De cabeza


Con boina, zapatillas blancas y unos pants adidas modelo Münich ´76, el viejo entrenador dirigía niños que seguían sus indicaciones con atención: “fuerte, por arriba y de cabeza”, era una de sus frases de batalla. La utilizaba para recordar a los centrales cómo se defendía un tiro de esquina y a los delanteros cómo atacar por aire la pelota.

Entusiastas del cabeceo, los primeros directores técnicos de infantiles estaban seguros que la cabeza de un futbolista servía para dos cosas: rechazar o rematar. Muy pocos creían que, con un equipo de chaparritos, podía dominarse el futbol. El centro a “la olla”, como denominaban a la parte más profunda y caliente de la cancha, era una de sus teorías.

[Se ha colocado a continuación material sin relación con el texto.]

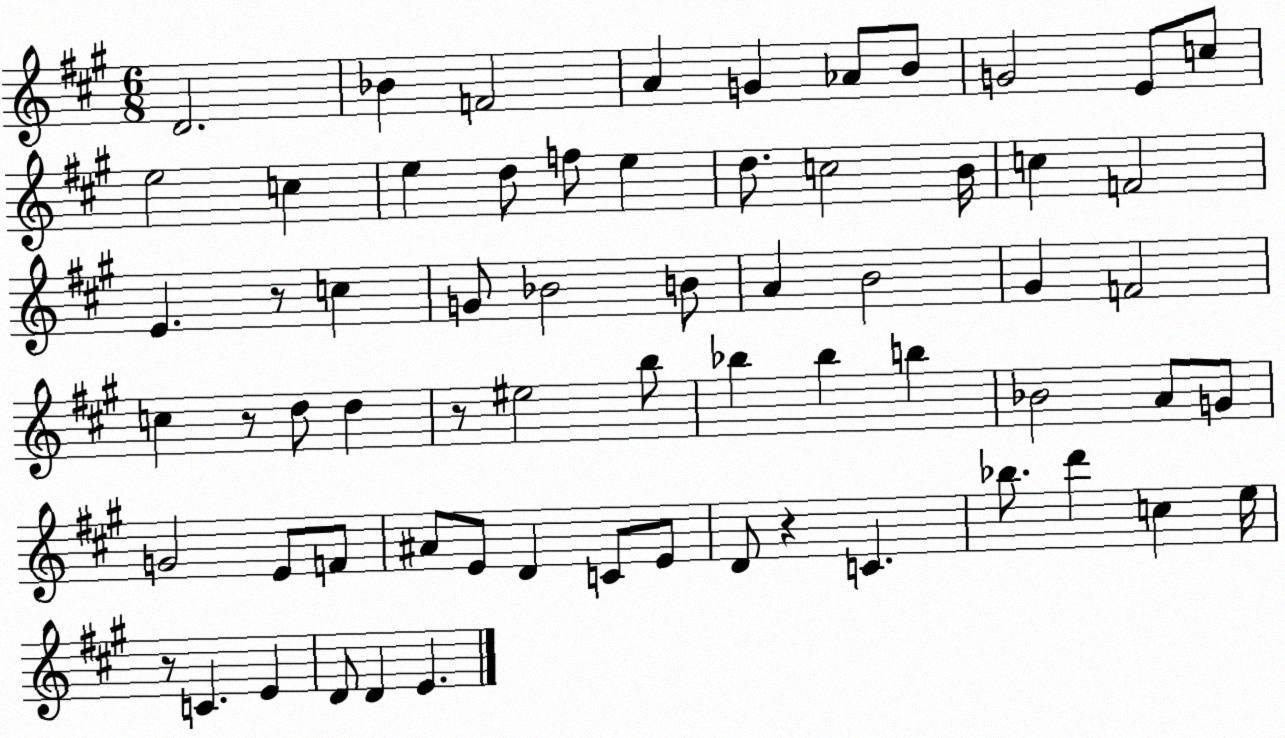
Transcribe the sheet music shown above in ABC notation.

Un buen rechace o un buen remate definían muchos partidos. En medio de ambas jugadas, los entrenadores dejaban algo de su tradicional repertorio para encomendar una misión letal a los porteros: “usar los puños”. El despeje a dos manos con la empuñadura orientando los nudillos hacia el balón era un quitamiedos que bien utilizado, desanimaba al enemigo a intentar un ataque aéreo dentro del área.

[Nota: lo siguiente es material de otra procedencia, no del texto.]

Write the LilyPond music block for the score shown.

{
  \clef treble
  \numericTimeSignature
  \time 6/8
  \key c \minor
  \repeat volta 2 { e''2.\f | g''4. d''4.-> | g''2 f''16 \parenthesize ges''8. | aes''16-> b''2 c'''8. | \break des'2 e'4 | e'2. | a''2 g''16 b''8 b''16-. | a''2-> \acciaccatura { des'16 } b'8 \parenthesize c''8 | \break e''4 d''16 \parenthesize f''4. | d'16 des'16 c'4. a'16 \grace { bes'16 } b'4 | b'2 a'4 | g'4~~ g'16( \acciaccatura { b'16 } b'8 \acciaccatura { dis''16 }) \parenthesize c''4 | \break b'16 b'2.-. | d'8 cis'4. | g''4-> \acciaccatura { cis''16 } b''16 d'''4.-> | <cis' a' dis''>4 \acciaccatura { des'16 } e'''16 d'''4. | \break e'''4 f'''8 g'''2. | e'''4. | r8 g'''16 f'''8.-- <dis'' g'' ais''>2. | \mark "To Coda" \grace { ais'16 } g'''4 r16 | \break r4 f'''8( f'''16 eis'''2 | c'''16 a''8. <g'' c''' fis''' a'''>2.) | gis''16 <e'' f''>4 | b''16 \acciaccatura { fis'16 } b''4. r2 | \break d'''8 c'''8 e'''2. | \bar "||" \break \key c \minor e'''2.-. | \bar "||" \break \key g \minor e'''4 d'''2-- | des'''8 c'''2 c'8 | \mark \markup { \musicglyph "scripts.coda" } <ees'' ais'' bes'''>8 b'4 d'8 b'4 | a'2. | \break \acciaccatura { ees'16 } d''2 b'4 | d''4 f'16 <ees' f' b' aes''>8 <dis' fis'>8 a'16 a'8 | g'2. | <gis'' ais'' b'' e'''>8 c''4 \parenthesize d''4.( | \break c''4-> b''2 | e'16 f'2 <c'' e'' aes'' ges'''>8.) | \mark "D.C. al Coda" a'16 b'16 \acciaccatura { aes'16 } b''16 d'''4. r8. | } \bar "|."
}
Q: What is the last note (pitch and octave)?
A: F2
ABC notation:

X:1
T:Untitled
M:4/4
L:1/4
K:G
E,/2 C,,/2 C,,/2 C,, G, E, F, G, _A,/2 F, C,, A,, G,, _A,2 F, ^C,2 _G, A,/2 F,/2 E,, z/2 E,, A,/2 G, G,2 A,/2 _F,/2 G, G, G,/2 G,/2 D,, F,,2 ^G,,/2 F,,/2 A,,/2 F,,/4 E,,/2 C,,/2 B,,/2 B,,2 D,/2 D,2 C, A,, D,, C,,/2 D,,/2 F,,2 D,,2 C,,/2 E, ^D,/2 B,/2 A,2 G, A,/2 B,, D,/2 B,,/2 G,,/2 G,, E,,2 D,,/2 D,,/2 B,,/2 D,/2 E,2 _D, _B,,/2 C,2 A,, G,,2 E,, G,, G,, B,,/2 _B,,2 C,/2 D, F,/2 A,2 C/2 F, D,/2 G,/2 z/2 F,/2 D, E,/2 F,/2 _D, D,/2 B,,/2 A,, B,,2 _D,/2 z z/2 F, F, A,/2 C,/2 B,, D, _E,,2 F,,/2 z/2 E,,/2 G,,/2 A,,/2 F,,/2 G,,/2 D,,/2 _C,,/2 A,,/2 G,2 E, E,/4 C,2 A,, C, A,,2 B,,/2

Controlar el juego por arriba fue durante muchos años una de las grandes obsesiones de los clubes y selecciones de futbol. Con esas obsesiones crecimos muchos niños que, sin tener una gran altura, estábamos imposibilitados para competir y destacar. En los últimos años, un sector de la ciencia ha encendido las alarmas del futbol alertando sobre las consecuencias que, a la larga, producen los fuertes choques de cabeza en la disputa por el balón.

No está comprobado por ahora que golpear el balón con la cabeza tenga consecuencias fatales, como sí parecen tener los choques de cabeza contra cabeza, codos, hombros, puños o extremidades; un tipo de lance tan antiguo como el juego, debe revisarse. La fractura de cráneo de Raúl Jiménez, el último accidente aéreo, tiene al futbol inglés de cabeza.